:: Your goal ::
Once the line containing "A worker is" has been written out, stop; until then, restate each line of the entries below word for word from the first.

----

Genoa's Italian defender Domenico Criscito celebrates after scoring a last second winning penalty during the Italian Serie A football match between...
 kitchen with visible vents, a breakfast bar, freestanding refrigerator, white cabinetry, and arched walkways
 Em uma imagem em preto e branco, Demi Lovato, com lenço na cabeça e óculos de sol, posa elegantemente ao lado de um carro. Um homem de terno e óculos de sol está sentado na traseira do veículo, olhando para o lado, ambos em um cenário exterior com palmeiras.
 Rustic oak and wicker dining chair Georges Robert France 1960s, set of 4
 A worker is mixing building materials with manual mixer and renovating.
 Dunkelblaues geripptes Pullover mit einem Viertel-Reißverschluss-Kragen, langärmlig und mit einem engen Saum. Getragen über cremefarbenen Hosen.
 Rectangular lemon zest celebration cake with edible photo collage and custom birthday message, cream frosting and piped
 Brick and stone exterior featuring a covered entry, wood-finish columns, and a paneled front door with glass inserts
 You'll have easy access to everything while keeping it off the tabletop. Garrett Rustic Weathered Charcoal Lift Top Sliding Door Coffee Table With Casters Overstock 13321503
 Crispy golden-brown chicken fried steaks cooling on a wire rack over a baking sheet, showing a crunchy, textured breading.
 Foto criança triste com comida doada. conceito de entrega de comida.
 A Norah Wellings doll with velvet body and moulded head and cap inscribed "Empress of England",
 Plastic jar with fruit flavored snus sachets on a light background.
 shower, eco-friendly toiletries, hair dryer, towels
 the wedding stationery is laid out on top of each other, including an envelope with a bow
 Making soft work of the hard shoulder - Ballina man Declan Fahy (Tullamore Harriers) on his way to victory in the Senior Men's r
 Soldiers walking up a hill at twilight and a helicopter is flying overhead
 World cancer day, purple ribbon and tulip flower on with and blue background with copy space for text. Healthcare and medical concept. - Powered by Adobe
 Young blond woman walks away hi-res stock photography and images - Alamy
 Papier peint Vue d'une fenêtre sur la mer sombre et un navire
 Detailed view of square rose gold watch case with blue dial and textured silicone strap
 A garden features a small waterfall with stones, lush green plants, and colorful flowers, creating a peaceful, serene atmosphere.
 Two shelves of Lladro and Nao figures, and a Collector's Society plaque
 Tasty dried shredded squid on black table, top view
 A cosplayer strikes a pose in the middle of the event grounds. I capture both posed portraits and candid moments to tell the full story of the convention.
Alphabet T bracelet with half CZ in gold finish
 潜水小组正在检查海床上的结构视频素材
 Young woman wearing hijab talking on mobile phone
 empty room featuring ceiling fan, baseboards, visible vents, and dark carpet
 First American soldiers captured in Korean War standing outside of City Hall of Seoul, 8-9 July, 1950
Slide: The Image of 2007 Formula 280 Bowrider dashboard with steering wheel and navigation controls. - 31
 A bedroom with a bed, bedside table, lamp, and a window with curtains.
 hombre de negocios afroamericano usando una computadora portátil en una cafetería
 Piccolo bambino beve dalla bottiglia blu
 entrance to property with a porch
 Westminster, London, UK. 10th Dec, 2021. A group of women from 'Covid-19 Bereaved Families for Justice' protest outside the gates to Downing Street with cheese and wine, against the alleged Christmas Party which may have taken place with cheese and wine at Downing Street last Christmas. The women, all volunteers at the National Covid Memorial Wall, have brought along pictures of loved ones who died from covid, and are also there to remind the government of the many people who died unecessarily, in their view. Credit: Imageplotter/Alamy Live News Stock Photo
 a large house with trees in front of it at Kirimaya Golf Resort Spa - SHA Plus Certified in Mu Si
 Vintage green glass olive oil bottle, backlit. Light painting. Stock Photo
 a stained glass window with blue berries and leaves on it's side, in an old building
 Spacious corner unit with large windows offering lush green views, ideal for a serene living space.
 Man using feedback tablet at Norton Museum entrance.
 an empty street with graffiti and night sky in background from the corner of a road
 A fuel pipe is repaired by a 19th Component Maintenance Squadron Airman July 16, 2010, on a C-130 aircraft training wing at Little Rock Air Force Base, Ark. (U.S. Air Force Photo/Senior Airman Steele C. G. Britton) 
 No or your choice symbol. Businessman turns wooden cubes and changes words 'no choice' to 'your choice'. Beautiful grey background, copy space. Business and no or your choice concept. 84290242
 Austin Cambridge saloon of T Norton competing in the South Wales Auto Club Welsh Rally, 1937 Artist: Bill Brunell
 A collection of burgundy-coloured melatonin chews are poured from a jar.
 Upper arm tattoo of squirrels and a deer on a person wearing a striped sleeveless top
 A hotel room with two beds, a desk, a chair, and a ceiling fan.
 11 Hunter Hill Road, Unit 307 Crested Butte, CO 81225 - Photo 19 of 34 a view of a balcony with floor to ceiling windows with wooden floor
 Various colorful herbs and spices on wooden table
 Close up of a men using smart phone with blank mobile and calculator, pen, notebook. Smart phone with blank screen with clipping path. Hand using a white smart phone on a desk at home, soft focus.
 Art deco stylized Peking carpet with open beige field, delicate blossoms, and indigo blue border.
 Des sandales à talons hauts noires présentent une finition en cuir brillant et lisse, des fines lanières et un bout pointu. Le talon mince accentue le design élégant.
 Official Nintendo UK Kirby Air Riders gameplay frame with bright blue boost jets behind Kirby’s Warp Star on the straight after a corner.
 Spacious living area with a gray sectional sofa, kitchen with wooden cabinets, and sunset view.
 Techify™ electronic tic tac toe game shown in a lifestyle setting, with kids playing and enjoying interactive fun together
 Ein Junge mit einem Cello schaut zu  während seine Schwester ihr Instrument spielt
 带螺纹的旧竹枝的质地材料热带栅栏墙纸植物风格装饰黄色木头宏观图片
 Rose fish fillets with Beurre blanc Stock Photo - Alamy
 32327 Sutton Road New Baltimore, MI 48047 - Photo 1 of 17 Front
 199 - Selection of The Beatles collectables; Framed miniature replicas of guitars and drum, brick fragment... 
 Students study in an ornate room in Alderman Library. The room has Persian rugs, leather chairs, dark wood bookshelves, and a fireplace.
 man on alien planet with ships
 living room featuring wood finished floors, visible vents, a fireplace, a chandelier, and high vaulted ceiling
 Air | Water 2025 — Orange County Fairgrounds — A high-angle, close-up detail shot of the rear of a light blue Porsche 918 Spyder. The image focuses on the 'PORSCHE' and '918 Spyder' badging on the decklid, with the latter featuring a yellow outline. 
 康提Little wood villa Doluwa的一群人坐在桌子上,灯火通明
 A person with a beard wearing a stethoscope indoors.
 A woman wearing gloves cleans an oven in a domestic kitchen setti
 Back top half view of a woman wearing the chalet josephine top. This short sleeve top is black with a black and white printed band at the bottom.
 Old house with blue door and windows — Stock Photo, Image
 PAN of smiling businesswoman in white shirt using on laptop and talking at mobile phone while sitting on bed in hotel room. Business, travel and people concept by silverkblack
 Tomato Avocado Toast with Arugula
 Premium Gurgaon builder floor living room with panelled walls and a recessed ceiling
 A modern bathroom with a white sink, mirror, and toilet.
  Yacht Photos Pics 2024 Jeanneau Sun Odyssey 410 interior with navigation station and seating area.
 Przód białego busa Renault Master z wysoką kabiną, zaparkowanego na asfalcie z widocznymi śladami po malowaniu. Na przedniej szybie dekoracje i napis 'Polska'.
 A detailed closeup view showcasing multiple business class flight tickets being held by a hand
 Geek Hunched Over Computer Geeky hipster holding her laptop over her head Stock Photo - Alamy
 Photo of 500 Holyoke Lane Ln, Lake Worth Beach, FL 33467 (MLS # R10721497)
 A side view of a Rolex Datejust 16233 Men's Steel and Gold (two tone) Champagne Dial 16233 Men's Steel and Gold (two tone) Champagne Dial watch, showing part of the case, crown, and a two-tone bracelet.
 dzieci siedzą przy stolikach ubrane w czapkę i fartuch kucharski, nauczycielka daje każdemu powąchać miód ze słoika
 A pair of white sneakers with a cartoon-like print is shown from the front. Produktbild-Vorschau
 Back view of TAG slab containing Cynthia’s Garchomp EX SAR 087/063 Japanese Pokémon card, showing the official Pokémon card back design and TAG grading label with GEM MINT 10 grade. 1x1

----

:: Answer for the task ::
Genoa's Italian defender Domenico Criscito celebrates after scoring a last second winning penalty during the Italian Serie A football match between...
 kitchen with visible vents, a breakfast bar, freestanding refrigerator, white cabinetry, and arched walkways
 Em uma imagem em preto e branco, Demi Lovato, com lenço na cabeça e óculos de sol, posa elegantemente ao lado de um carro. Um homem de terno e óculos de sol está sentado na traseira do veículo, olhando para o lado, ambos em um cenário exterior com palmeiras.
 Rustic oak and wicker dining chair Georges Robert France 1960s, set of 4
 A worker is mixing building materials with manual mixer and renovating.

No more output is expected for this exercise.